Reviewers question only inside their own frame, which itself has gone
untested. The great
frame-questioner is Socrates, who questions anything, recognizes no walls, and
requires answers in plain language.
No jargon-answers, as from sophists, will do. Peer reviewers here are
not peers of Socrates.
If the Socratic model is too distant for us we Americans
may look to Emerson. His ideal, Man Thinking, is exactly the
Socratic inquirer. The whole
world of thought is his province.
Try to wall him off and you're just a "thinker." No matter how great a German you are,
how expert and thorough, you, you mere thinker, must bow to Man Thinking, and
submit to his questions.
So there she is, the dean's agent, clever and brave,
appearing in your committees, listening in on your oral examinations, going
through your publications, sniffing out goodness. A perfect example of a thought policeman. But only to the inattentive. She's a freedom-of-thought
policeman.
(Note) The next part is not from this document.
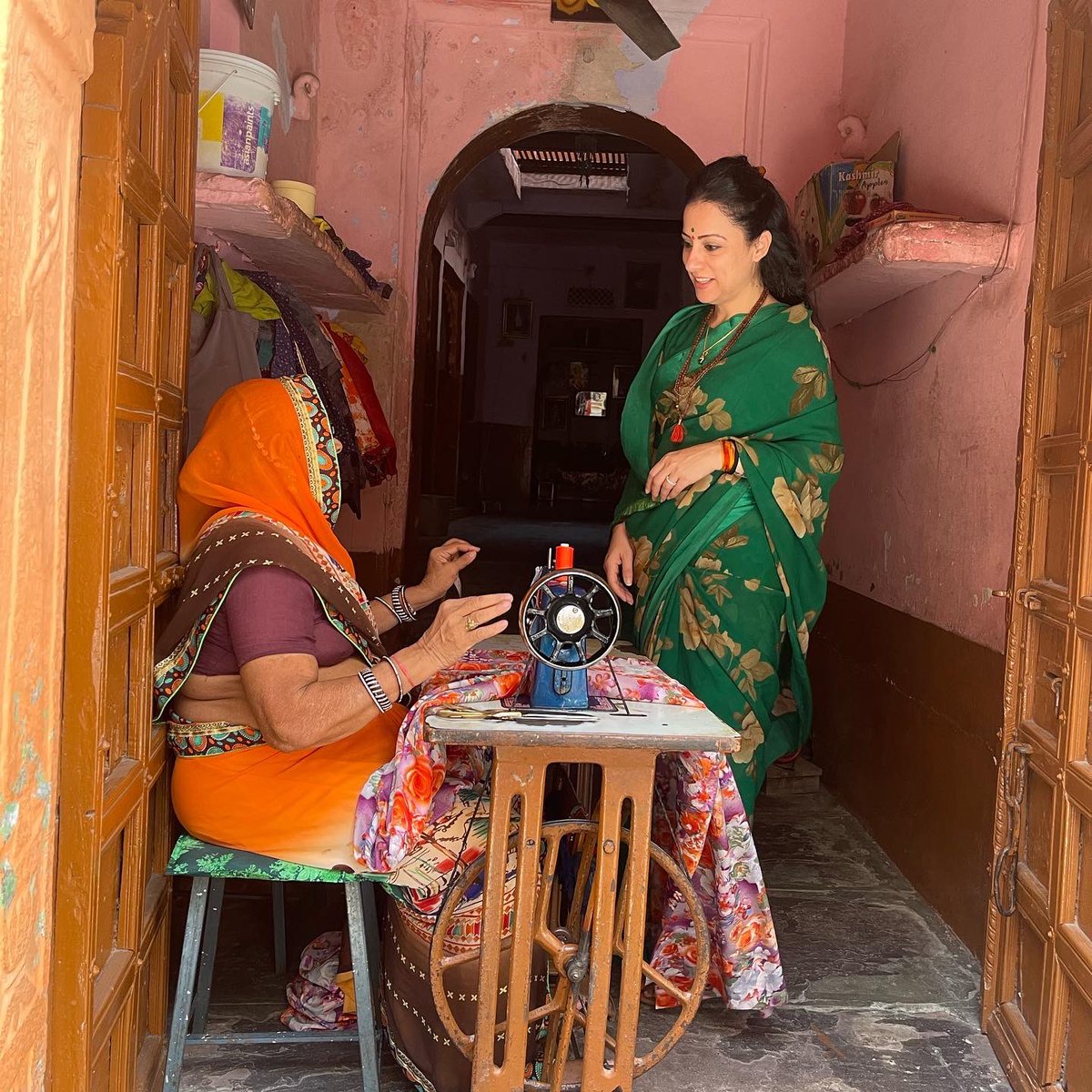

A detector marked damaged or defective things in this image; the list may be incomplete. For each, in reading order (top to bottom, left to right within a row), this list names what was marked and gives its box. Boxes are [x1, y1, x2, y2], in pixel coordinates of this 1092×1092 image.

peeling wall paint [312, 0, 847, 550]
If you're not curbing
thought, requiring that it be correct in your own good way, you have nothing to
fear. Open your publications to general
criticism, take on destructive critics, place yourselves in the larger arena,
prepare your graduate students to fight there, and you have nothing to fear.
But
what, then, will happen to goodness?
Nothing, if it is known.
And only open test and trial will let us know it, the goodness that can defend itself. "I cannot praise a fugitive and
cloistered virtue, unexercised and unbreathed, that never sallies out and sees
her adversary," said Milton, famously. "That which purifies us is trial, and trial is by what
is contrary."
Translate that classic of the academic enterprise
— and of Western parliaments, and courts, and science — into advice for today's
lovers of the good and you get, I think, something like this: "Knowledge
comes first. Here it's knowledge
of the good. First you make sure you know the good. If you believe that it can't defend itself you get out in the world and defend it, standing on the
most reliable ground you can find, that determined by disinterested inquiry in
universities."
You can see what will spoil this advice: professors, having assumed success in gaining knowledge of the good, pursuing it in universities. That reduces their reliability and
weakens the fight for good in the world.